Is Preeclampsia a New Risk Factor for Cochlear Damage and Hearing Loss?
Abstract
Objective: We investigated whether preeclampsia is a risk factor for cochlear damage and permanent hearing loss. Study Design: Prospective case-control study design. Setting: Academic tertiary medical center. Patients: Subjects included 40 patients with preeclampsia and 30 healthy pregnant women. Interventions: Otoscopic examinations and pure-tone audiometry, tympanometry, otoacoustic emissions (OAEs), and stapedial reflex tests were conducted for all subjects. Negative audiologic tests were reevaluated after the postpartum period. Statistical analyses were performed using chi(2) and binary logistic regression testing. Main Outcome Measures: We searched for signs of middle ear ventilation, damage of cochlea, and sensorineural hearing loss. Results: Eight patients from the preeclampsia group had 1 or more otological problems. Two patients from the control group were determined as having otological problems. Otoacoustic emissions of the right and left ears (p = 0.029, p = 0.044), hearing levels of right and left ear bone conduction (BC) at the 500-Hz frequency (right and left-BC 500), and left ear at the 2,000-Hz frequency (left-BC 2000) differed significantly between the preeclampsia and control groups (p = 0.040, p = 0.003, and p = 0.003).
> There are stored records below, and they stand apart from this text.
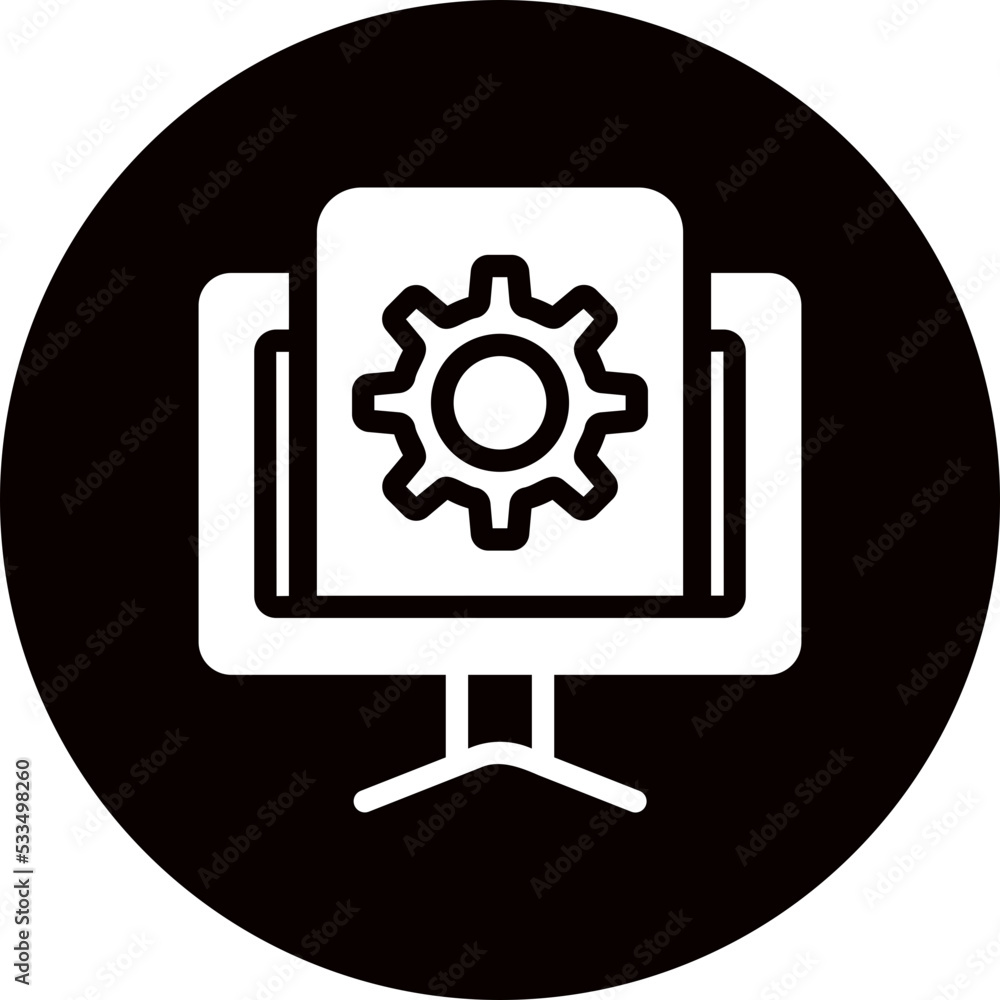 web optimization glyph icon web optimization glyph icon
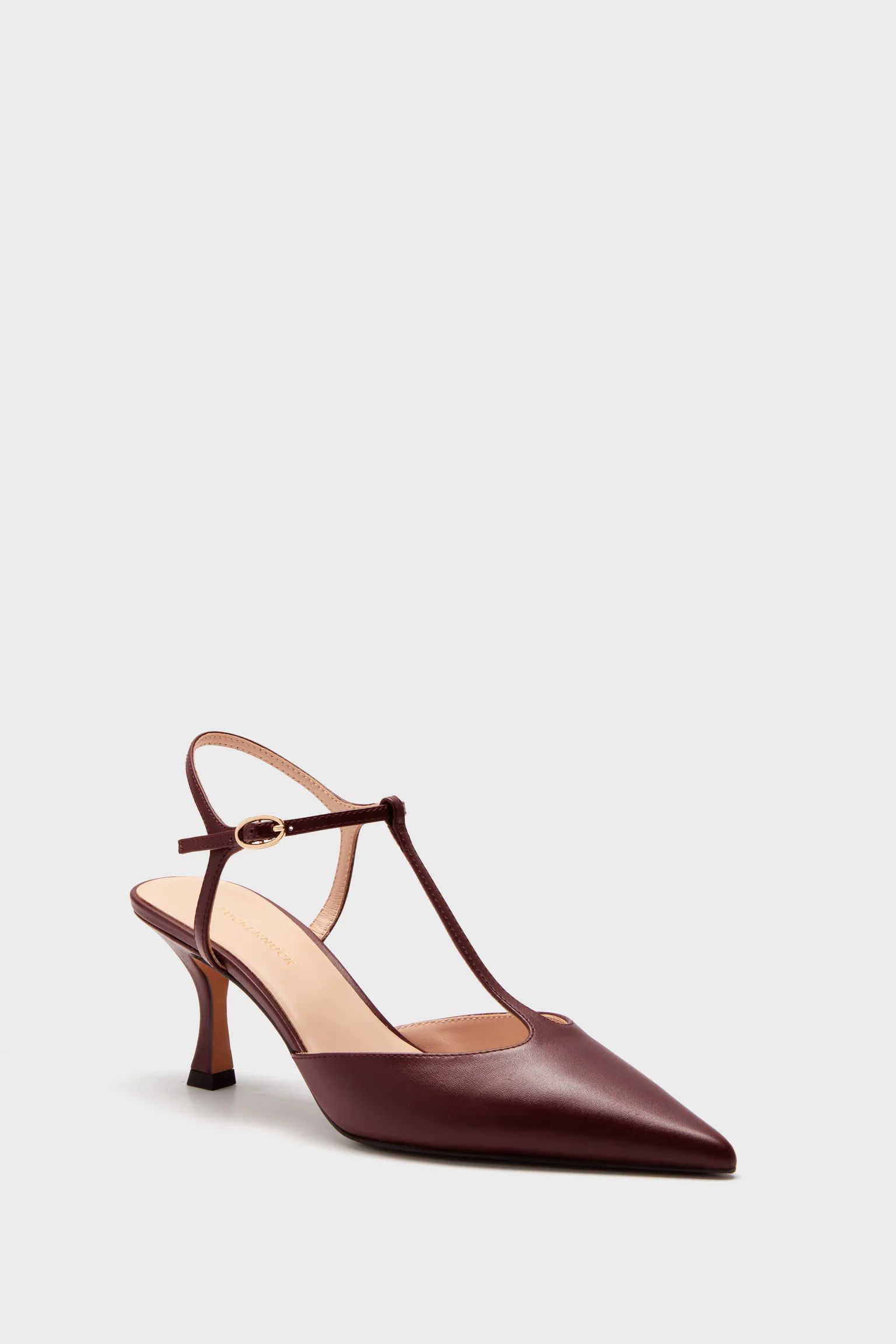 Oxblood Leather Margot Heels | Tuckernuck (US)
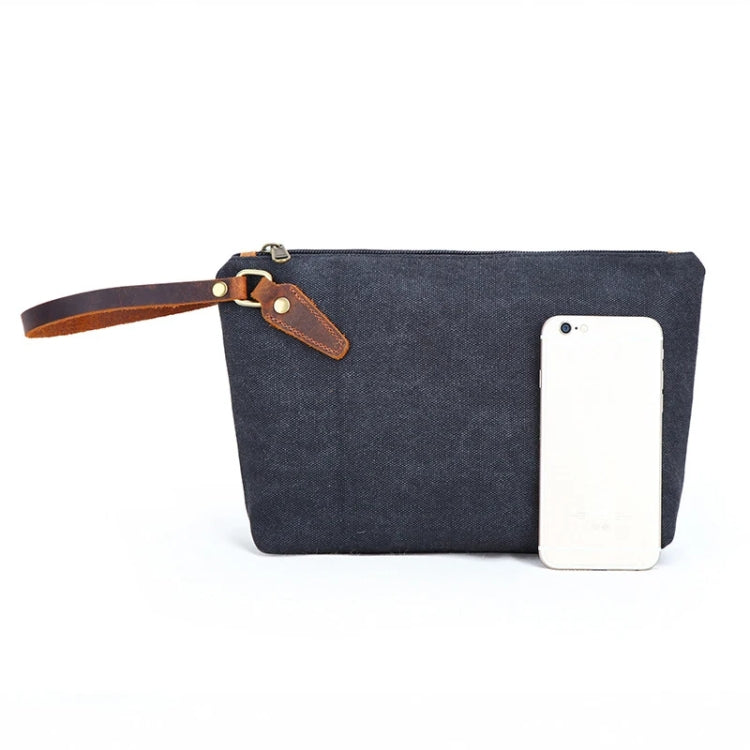 Portable Canvas Bag Large Capacity Washing Bag Cosmetics Storage Bag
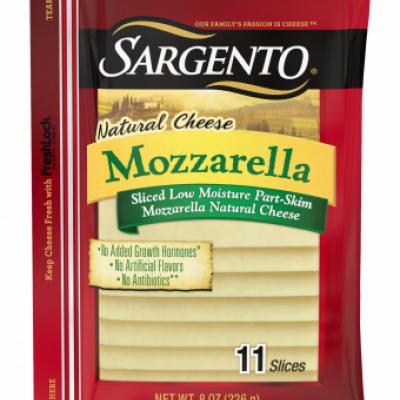 Sargento Mozzarella Cheese Slices, 8 oz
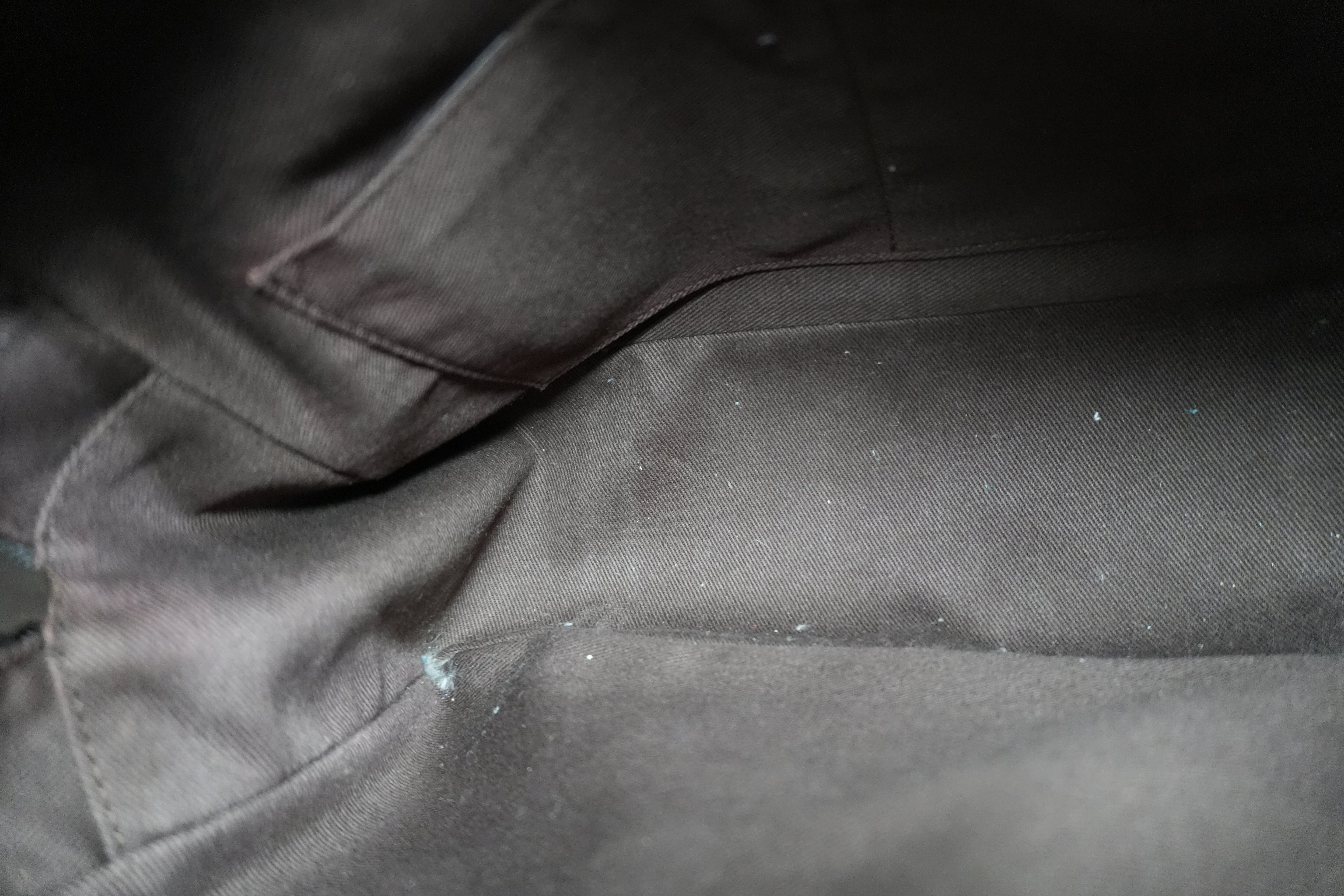 Pre-owned Loewe Analog Handbag with Pouch Black and Brown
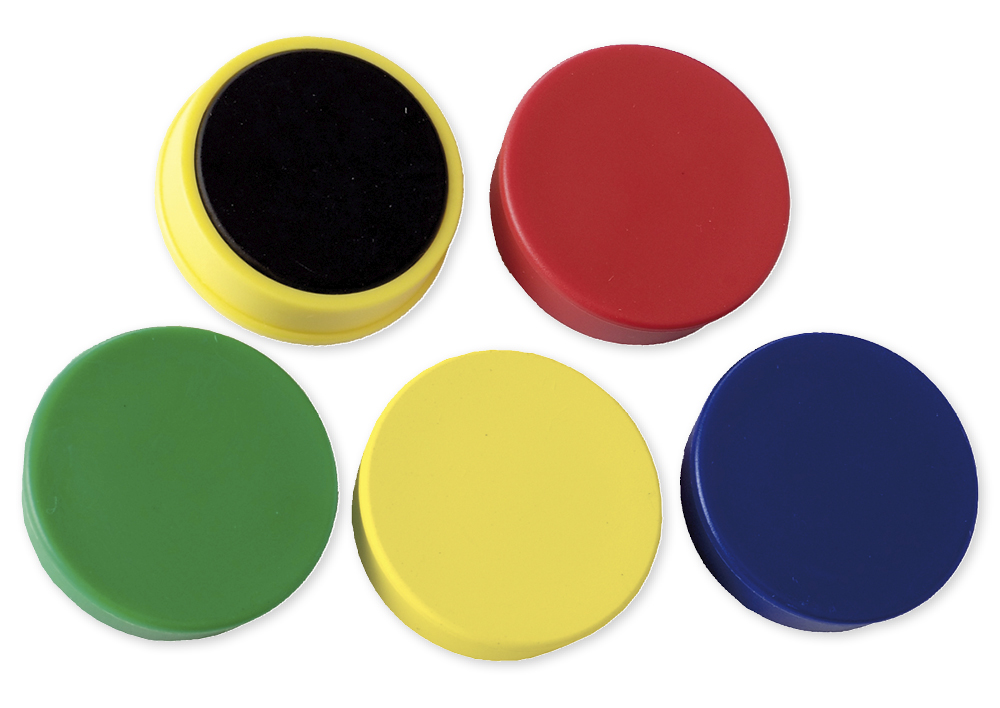 Sæt magneter 32 mm ø, 4 x 10 pakke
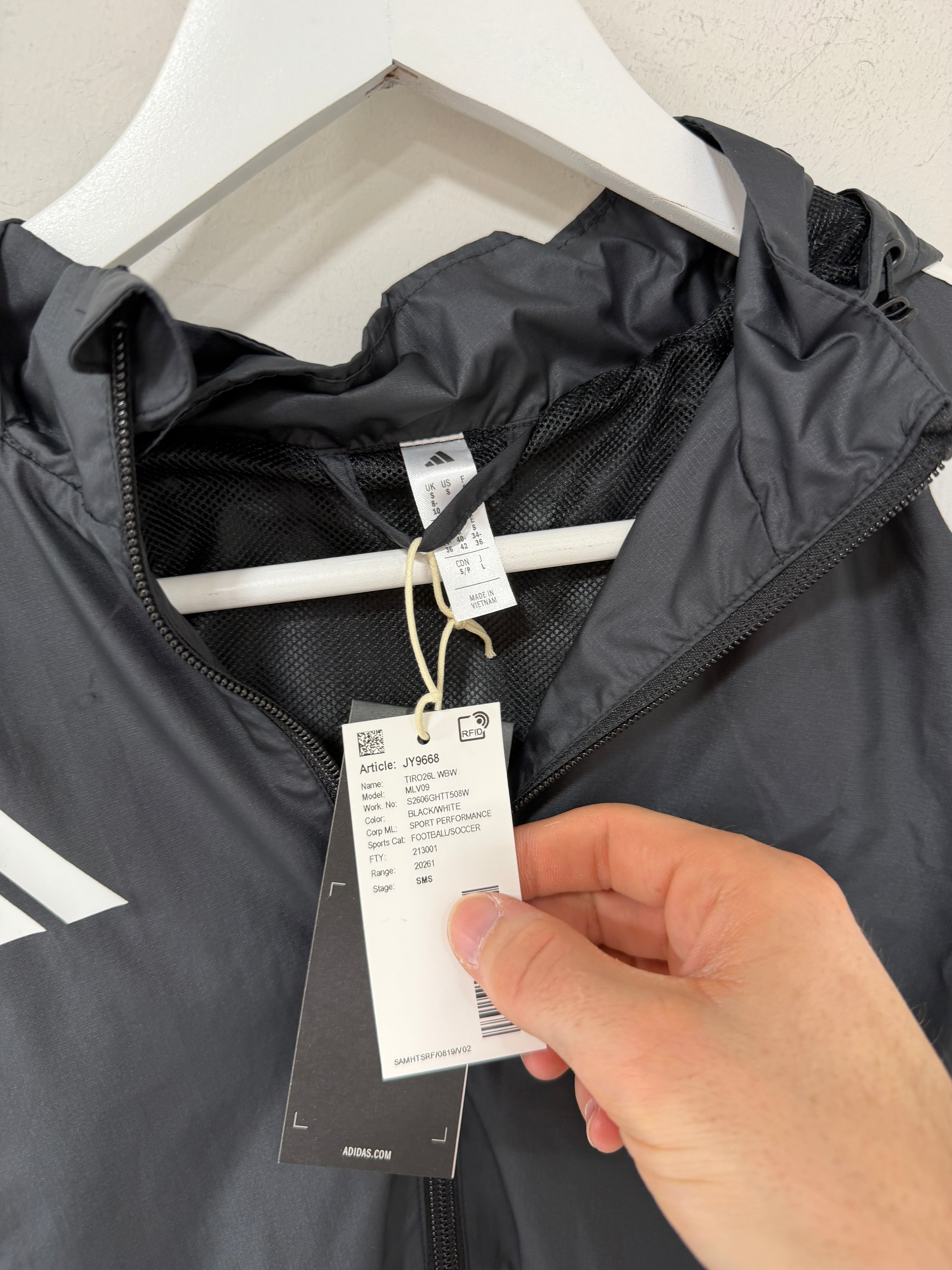 Adidas Tiro 26 League Windbreaker Women's Size S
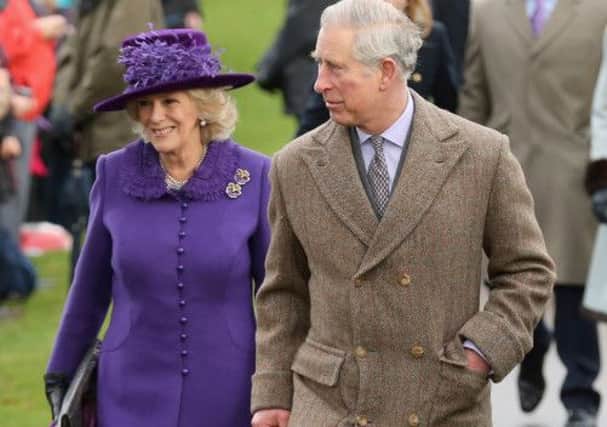 Charles and Camilla will visit the Borders today. Picture: Getty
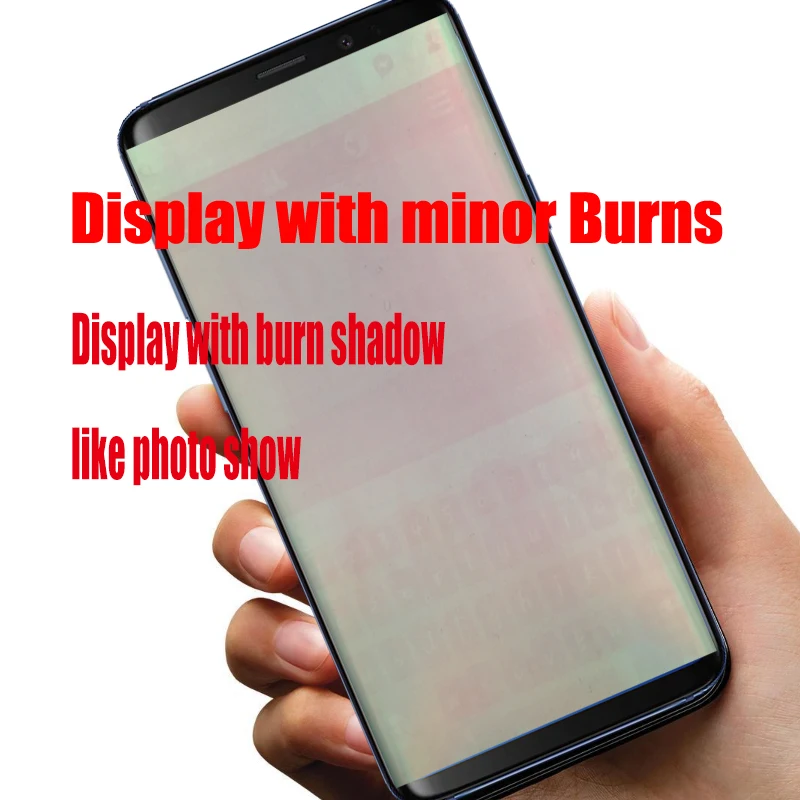 Дисплей 2960*1440 с ЖК-дисплеем рамкой для SAMSUNG Galaxy S9 + Plus G960 G965 цифровым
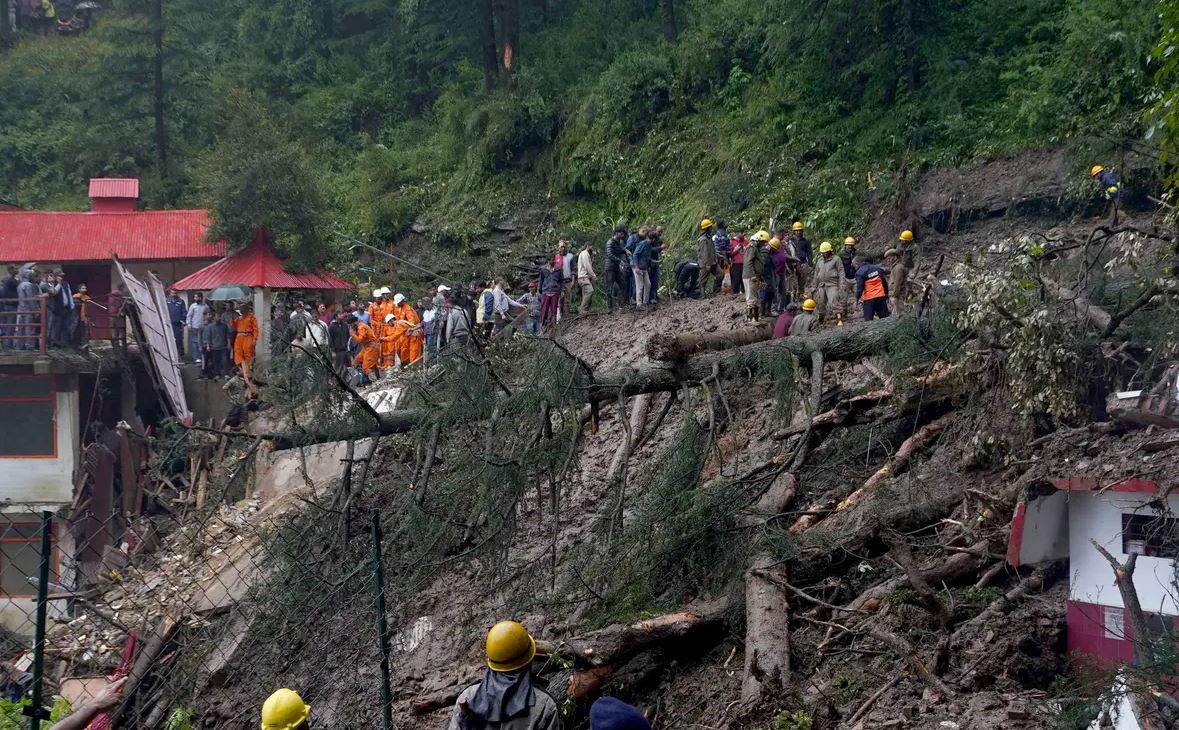 ارتفاع حصيلة قتلى الانهيارات الأرضية في الهند إلى 43 شخصًا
There was no significant difference in the OAEs between the right and left ears in the preeclampsia group (p < 0.05). The variables BC 500-left, BC 500-right, OAE-right, and OAE-left differed significantly between groups based on binary logistic testing. The odds ratio and 95% confidence intervals (95% CI) for these 4 risk variables were as follows: BC 500-left, 1.167 (1.044-1.306); BC 500-right, 1.117 (1.002-1.244); OAE-right, 0.642 (0.505-0.815); and OAE-left, 0.576 (0.475-0.698), respectively. Conclusion: Preeclampsia is a risk factor for cochlear damage and permanent hearing loss. Even if preeclampsia resolves after delivery, cochlear damage and permanent hearing loss remain unchanged in patients with preeclampsia.